Apply tACS to Alleviate Anxiety Symptoms

Anxiety Disorders Clinical Trial

Official title:
Non-invasive Neuromodulation of the Right Anterior Amygdala Using tACS: A Double-blind Randomized Sham Controlled Clinical Trial for the Treatment of Anxiety Related Disorders With an Open-Label Extension

Clinical Trial Details — Status: Recruiting

Administrative data
NCT number NCT06086015
Other study ID # AMG-05
Secondary ID
Status Recruiting
Phase Phase 2
First received
Last updated
Start date June 1, 2021
Est. completion date December 31, 2024

Study information
Verified date October 2023
Source NeuroCognitive and Behavioral Institute Clinical Research Foundation
Contact Gerald Tramontano, PhD
Phone 9736010100
Email gtramontano@neuroci.com
Is FDA regulated No
Health authority
Study type Interventional

Clinical Trial Summary

This is a clinical research trial exploring the efficacy of non-invasive neuromodulation (NM) intervention in the treatment of anxiety.
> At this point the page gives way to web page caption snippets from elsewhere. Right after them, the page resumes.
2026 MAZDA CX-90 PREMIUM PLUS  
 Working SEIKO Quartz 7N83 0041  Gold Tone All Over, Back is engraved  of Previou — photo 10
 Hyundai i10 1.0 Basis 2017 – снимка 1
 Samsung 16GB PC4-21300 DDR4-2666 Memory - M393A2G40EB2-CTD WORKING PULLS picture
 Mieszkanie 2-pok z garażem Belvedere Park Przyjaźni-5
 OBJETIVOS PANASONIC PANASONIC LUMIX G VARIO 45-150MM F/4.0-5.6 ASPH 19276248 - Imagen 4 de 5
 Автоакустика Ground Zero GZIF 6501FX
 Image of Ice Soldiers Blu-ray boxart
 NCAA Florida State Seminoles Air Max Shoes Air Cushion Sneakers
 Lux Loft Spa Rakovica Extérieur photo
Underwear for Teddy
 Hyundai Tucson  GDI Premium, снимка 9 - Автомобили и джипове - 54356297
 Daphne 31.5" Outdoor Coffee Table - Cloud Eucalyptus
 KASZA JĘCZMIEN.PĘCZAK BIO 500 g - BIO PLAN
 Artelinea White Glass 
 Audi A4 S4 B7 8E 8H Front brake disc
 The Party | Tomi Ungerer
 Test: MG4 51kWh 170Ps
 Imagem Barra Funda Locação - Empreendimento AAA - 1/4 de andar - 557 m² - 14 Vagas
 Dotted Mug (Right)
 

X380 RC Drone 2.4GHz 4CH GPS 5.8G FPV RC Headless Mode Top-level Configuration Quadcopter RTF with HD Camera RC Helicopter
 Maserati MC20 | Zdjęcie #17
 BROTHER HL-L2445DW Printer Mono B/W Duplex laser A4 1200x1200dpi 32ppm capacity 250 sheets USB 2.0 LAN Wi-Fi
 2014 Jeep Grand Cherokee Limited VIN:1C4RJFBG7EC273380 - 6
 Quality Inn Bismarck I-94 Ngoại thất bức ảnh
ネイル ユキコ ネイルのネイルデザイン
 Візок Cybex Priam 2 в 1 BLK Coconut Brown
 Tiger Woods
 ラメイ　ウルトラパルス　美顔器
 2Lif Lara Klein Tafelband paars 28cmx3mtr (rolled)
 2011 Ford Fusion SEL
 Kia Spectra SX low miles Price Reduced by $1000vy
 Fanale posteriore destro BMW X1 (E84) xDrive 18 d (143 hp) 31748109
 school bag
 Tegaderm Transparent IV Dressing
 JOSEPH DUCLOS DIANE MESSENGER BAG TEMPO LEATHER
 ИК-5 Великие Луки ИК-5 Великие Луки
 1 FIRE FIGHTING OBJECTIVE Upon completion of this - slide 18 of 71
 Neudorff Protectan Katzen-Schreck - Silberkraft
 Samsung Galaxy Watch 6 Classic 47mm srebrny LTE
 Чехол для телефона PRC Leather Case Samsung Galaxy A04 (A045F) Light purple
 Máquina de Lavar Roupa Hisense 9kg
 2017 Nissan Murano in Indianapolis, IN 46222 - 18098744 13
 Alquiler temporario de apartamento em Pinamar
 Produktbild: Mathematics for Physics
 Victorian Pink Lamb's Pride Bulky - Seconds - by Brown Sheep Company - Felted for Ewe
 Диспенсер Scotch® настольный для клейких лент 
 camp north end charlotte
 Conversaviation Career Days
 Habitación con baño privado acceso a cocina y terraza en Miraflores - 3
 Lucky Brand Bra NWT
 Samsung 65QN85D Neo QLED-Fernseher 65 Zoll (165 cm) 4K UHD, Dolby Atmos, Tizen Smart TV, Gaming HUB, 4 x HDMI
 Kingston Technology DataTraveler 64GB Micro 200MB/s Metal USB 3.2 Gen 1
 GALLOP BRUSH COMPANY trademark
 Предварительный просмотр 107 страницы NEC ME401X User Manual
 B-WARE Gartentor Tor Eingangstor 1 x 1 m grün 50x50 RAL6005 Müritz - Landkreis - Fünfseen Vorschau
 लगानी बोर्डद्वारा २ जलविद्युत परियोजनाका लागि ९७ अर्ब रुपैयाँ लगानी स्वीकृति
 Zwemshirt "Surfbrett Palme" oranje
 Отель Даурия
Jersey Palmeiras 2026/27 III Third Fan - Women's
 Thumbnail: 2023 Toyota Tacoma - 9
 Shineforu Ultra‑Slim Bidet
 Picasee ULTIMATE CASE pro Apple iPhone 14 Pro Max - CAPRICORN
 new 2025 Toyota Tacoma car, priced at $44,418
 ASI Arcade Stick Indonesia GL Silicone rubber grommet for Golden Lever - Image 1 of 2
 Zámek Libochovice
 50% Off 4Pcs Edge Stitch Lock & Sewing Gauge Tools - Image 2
The NM used in this study consists of 25 minutes of 5 hz transcranial alternating current stimulation (tACS) titrated up to 2mA targeting the anterolateral amygdala across 12 treatment sessions with a 3-4 week time period. The studied population includes patients with the following anxiety disorders: generalized anxiety disorder (GAD), social anxiety disorder (SAD), separation anxiety disorder of childhood, and post-traumatic stress disorder (PTSD). Participants will be randomly assigned to tACS or sham, cross-over, then followed by an optional open-label extension phase.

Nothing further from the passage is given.